こうした日本社会の課題を改善すべく、2022年3月8日の国際女性デーに合わせて 、「Women’s Startup Lab Impact Foundation Japan」が設立された。代表取締役は、シリコンバレーで 「Women’s Startup Lab」 を創業し、女性起業家支援プログラムを運営する堀江愛利さんだ。日本の現状をどう捉え、どんな社会を目指すのか。団体設立の背景や女性起業家への思いを聞いた。

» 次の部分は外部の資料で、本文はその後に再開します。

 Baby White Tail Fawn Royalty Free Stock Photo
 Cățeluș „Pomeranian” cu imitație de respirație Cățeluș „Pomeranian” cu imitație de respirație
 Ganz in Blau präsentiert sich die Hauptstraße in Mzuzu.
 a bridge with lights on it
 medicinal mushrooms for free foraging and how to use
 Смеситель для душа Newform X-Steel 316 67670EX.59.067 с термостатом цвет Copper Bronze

※1「Mastercard Index of Women Entrepreneurs (MIWE) 2019」
※2 日本財団『18歳意識調査』第46回「国や社会に対する意識」(6カ国調査)
堀江愛利(ほりえ・あり)
Women’s Startup Lab 代表取締役。1997年にカリフォルニア州立大を卒業 後、米国IBM、スタートアップでの経験をもとに、2013年、シリコンバレー初、女性に特化したアクセラレター"Women's Startup Lab"を創業。独自の育成プログラムと強靭な現地ネットワークで、グローバルに女性起業家やベンチャーの育成支援を行い、その功績を称えられ、数多くの賞を受賞。2022年3月には、「境界を突破し、次世代に希望を与える女性」として、バービー人形で知られるマテル社より、『ロールモデル』シリーズの一員として、日本人起業家として初めて選出され、益々の活動が期待される。2022年春より、日本の女性、高校生を対象に、プロジェクト「Amelias」を始動する。

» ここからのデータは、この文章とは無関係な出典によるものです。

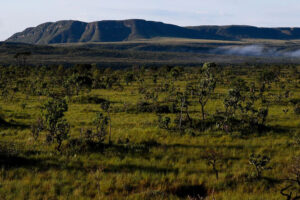 Projeto que reduz em 73% área da Chapada dos Veadeiros gera polêmica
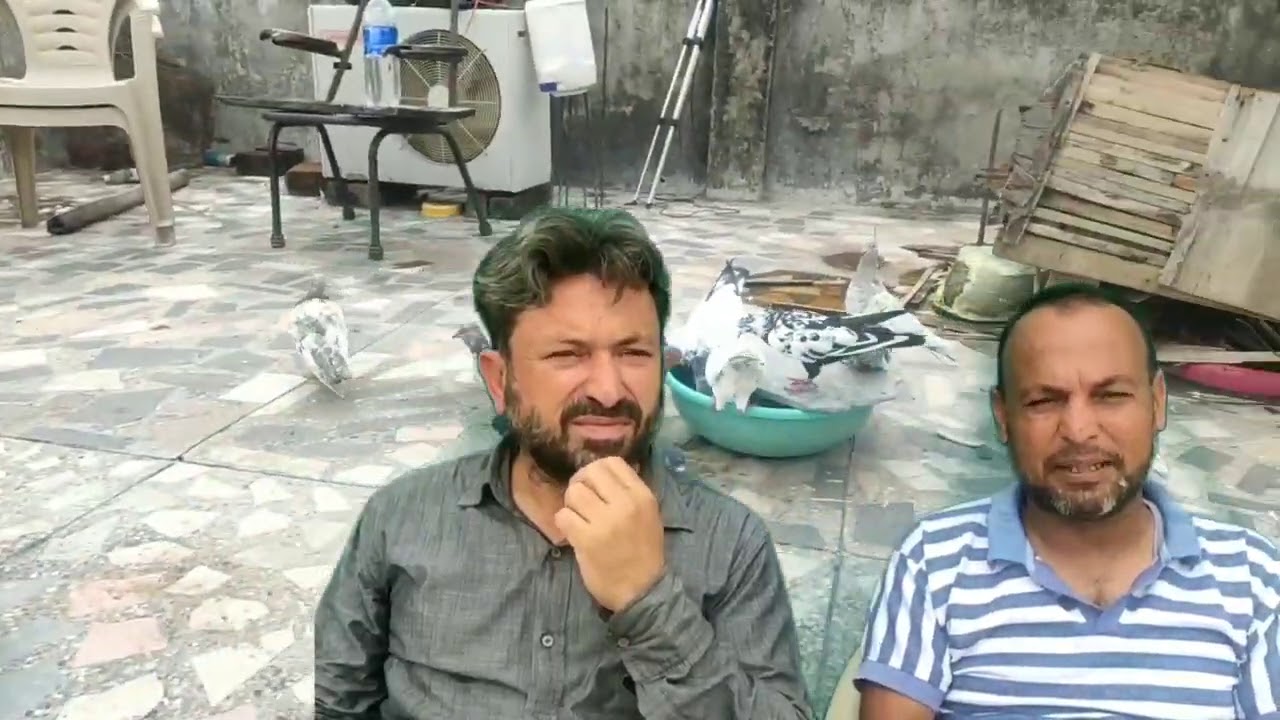 Nasal Kaise Banayen Kasni Kabutar Ki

シリコンバレーで女性起業家の育成プログラムをスタート
「Women’s Startup Lab Impact Foundation Japan」代表取締役の堀江愛利さん。
堀江さんは、17歳で米国に留学し、大学卒業後はIBMに就職した後、いくつかのスタートアップ企業を経て、教育に関連するテックカンパニーを起業。そこで直面したのが、それまで気づくことのなかった男性中心社会の壁だった。
多くの女性起業家が社会問題を重視し、ニーズが高いサービスを提案しても、エンジニアのサポートがつかないだけでなく、 男性を中心に楽しむ目的のアイデアが優先されてしまう場に何度かぶち当たり、そんな状況に絶望さえ覚えた日も多かった、という。
「人のためになるテクノロジーの使い方とは何かを考えた時、男性の目に付く分野ばかりに使われ、育児や介護、健康といった主に女性が関わる分野には届いていなかった。テクノロジーによってこれから世界はどんどん変わっていくのに、そこに女性がおらず、女性が望む事業をできないのは、絶望的な状況ではないかと思ったのです」
また、自身が2人の育児と親の介護をした経験から、家庭と仕事(起業)の両立という課題も痛感。そこで堀江さんは、女性に特化した起業家支援を行うべく、2013年、シリコンバレーで「Women’s Startup Lab(以下WSL)」を設立した。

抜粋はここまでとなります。